Superior Plus Corp. Announces Record Fourth Quarter and Full Year Results and Confirms 2018 Results at the Higher End of the AOCF Per Share and Adjusted EBITDA Guidance

TORONTO--(BUSINESS WIRE)-- Superior Plus Corp. (“Superior”) (TSX: SPB) announced today its financial and operating results for the fourth quarter ended December 31, 2018. Unless otherwise expressed, all financial figures are expressed in Canadian dollars.

Superior achieved AOCF before transaction and other costs of $1.91 per share and Adjusted EBITDA of $374.3 million, which were at the higher end of the 2018 Financial Outlook and Adjusted EBITDA guidance.

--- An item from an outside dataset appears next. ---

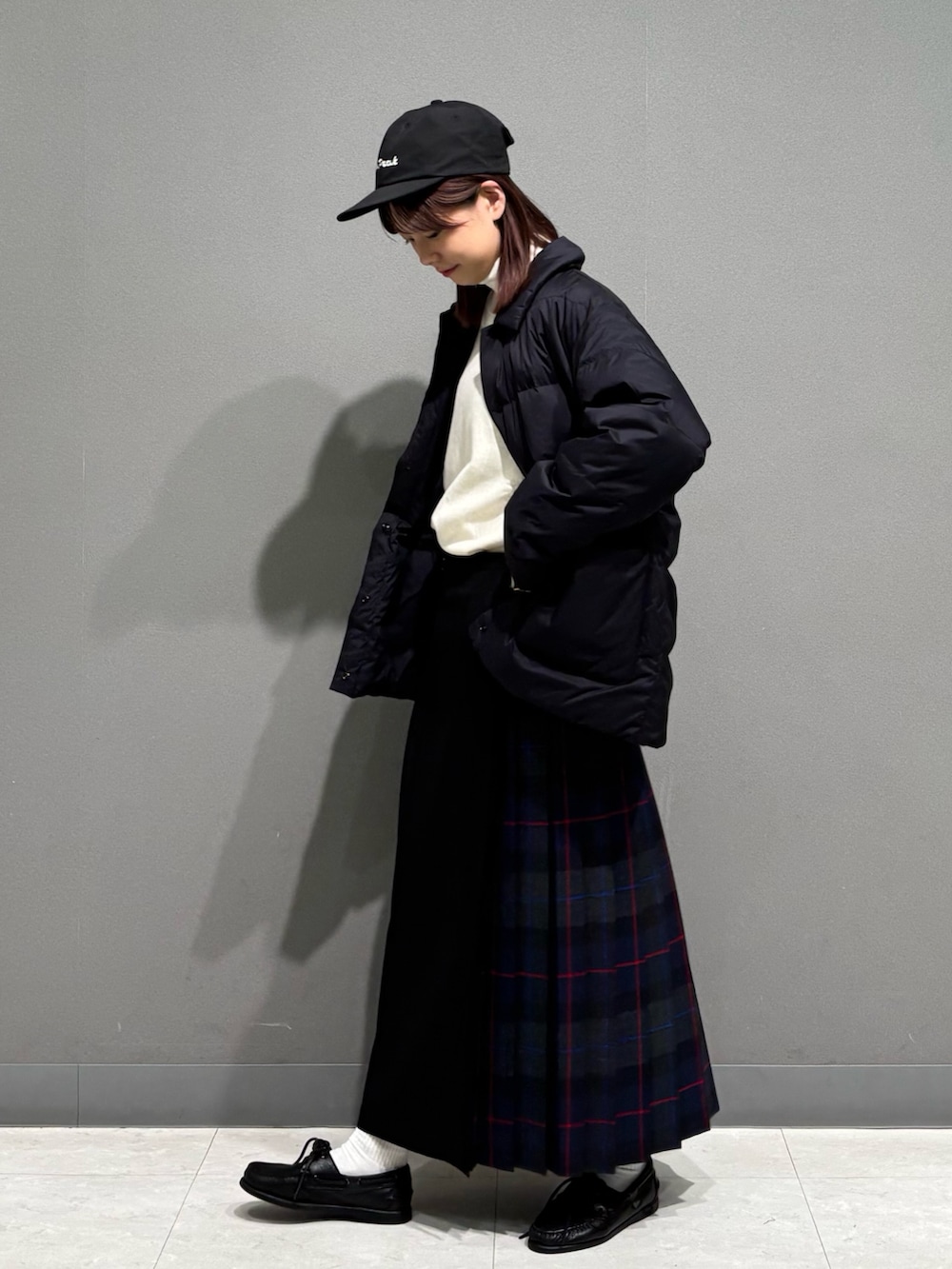 グレー系のスカート、ブラック系のダウンジャケット/コート、ベージュ系のスウェットを着用したレディースの秋コーディネートの4枚目の写真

“We achieved record results in 2018, driven by strong contribution and integration work related to the NGL, Canwest and tuck-in acquisitions in our Energy Distribution business and improved chlor-alkali results in our Specialty Chemicals business. The record fourth quarter results demonstrate the benefits of the acquisition of NGL Propane and our larger scale U.S. Propane Distribution business in the Eastern U.S. We also ended the year exceeding our 2018 run-rate synergy target related to the Canwest Propane acquisition and we were able to realize higher than expected synergies related to the acquisition of NGL Propane,” said Luc Desjardins, Superior’s President and Chief Executive Officer. “We continue to gain momentum on finishing at the higher end of our Evolution 2020 initiatives, and we are focused on lowering our leverage as well as achieving double digit Adjusted EBITDA growth in 2019.”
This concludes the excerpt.